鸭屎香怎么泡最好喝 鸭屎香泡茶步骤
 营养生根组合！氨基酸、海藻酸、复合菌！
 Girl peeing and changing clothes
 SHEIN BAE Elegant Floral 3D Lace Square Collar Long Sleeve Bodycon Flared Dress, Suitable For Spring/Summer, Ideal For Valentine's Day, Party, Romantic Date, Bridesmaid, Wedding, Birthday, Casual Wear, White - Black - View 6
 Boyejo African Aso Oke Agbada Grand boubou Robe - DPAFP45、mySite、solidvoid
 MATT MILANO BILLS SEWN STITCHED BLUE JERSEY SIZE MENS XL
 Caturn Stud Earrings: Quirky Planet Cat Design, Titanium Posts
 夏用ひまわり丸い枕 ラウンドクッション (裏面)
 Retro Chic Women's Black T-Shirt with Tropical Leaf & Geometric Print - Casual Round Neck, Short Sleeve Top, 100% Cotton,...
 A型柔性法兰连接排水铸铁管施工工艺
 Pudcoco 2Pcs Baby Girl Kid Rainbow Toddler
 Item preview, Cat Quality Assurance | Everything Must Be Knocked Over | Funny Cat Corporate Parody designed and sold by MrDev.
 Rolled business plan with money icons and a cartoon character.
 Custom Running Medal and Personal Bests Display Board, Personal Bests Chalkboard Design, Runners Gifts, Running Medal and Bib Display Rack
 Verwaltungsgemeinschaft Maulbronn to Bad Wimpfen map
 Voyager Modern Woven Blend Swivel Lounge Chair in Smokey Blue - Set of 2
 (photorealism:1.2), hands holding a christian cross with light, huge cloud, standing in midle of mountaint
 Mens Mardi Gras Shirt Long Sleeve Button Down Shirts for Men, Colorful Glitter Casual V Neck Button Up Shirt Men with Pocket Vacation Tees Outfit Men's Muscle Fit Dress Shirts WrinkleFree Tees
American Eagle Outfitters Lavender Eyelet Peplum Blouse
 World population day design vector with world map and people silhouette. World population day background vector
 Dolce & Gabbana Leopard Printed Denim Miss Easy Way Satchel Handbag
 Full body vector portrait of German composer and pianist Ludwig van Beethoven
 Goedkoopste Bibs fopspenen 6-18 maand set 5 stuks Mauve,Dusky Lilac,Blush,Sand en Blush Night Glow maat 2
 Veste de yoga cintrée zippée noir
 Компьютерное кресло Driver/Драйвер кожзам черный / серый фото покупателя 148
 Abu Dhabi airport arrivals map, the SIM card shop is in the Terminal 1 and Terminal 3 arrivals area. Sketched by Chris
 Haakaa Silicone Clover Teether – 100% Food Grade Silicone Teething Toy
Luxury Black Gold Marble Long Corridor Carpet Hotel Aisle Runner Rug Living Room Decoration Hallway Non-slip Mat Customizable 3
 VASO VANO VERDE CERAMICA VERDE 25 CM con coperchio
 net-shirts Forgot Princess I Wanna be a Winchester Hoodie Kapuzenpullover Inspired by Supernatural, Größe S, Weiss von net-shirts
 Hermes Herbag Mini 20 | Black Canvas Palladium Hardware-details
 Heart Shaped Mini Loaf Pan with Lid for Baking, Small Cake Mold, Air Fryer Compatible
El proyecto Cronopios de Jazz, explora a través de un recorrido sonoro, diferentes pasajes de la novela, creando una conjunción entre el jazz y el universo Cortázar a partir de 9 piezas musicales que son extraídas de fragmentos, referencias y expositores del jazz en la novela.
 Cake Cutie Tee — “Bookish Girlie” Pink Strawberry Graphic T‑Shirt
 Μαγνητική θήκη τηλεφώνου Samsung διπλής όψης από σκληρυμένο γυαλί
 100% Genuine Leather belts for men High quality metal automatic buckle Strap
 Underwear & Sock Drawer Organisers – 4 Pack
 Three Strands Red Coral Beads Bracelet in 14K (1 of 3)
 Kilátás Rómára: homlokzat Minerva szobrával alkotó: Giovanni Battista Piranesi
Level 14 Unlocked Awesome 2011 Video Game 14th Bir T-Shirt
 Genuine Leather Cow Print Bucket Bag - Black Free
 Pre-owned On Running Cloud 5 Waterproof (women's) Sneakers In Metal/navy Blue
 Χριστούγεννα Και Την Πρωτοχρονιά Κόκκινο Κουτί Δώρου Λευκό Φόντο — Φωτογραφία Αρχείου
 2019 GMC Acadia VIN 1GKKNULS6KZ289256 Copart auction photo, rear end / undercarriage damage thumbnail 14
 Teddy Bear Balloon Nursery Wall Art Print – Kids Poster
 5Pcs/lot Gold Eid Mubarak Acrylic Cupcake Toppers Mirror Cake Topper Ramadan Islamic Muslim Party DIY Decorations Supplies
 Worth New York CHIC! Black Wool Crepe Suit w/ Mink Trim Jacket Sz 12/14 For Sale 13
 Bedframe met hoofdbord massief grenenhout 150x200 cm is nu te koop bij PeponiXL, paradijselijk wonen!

________

Exercise requirements →
The reply should hold only the lines from the first line of the listing above through the line with "Veste de yoga cintrée zippée noir", each copied exactly.

Output →
鸭屎香怎么泡最好喝 鸭屎香泡茶步骤
 营养生根组合！氨基酸、海藻酸、复合菌！
 Girl peeing and changing clothes
 SHEIN BAE Elegant Floral 3D Lace Square Collar Long Sleeve Bodycon Flared Dress, Suitable For Spring/Summer, Ideal For Valentine's Day, Party, Romantic Date, Bridesmaid, Wedding, Birthday, Casual Wear, White - Black - View 6
 Boyejo African Aso Oke Agbada Grand boubou Robe - DPAFP45、mySite、solidvoid
 MATT MILANO BILLS SEWN STITCHED BLUE JERSEY SIZE MENS XL
 Caturn Stud Earrings: Quirky Planet Cat Design, Titanium Posts
 夏用ひまわり丸い枕 ラウンドクッション (裏面)
 Retro Chic Women's Black T-Shirt with Tropical Leaf & Geometric Print - Casual Round Neck, Short Sleeve Top, 100% Cotton,...
 A型柔性法兰连接排水铸铁管施工工艺
 Pudcoco 2Pcs Baby Girl Kid Rainbow Toddler
 Item preview, Cat Quality Assurance | Everything Must Be Knocked Over | Funny Cat Corporate Parody designed and sold by MrDev.
 Rolled business plan with money icons and a cartoon character.
 Custom Running Medal and Personal Bests Display Board, Personal Bests Chalkboard Design, Runners Gifts, Running Medal and Bib Display Rack
 Verwaltungsgemeinschaft Maulbronn to Bad Wimpfen map
 Voyager Modern Woven Blend Swivel Lounge Chair in Smokey Blue - Set of 2
 (photorealism:1.2), hands holding a christian cross with light, huge cloud, standing in midle of mountaint
 Mens Mardi Gras Shirt Long Sleeve Button Down Shirts for Men, Colorful Glitter Casual V Neck Button Up Shirt Men with Pocket Vacation Tees Outfit Men's Muscle Fit Dress Shirts WrinkleFree Tees
American Eagle Outfitters Lavender Eyelet Peplum Blouse
 World population day design vector with world map and people silhouette. World population day background vector
 Dolce & Gabbana Leopard Printed Denim Miss Easy Way Satchel Handbag
 Full body vector portrait of German composer and pianist Ludwig van Beethoven
 Goedkoopste Bibs fopspenen 6-18 maand set 5 stuks Mauve,Dusky Lilac,Blush,Sand en Blush Night Glow maat 2
 Veste de yoga cintrée zippée noir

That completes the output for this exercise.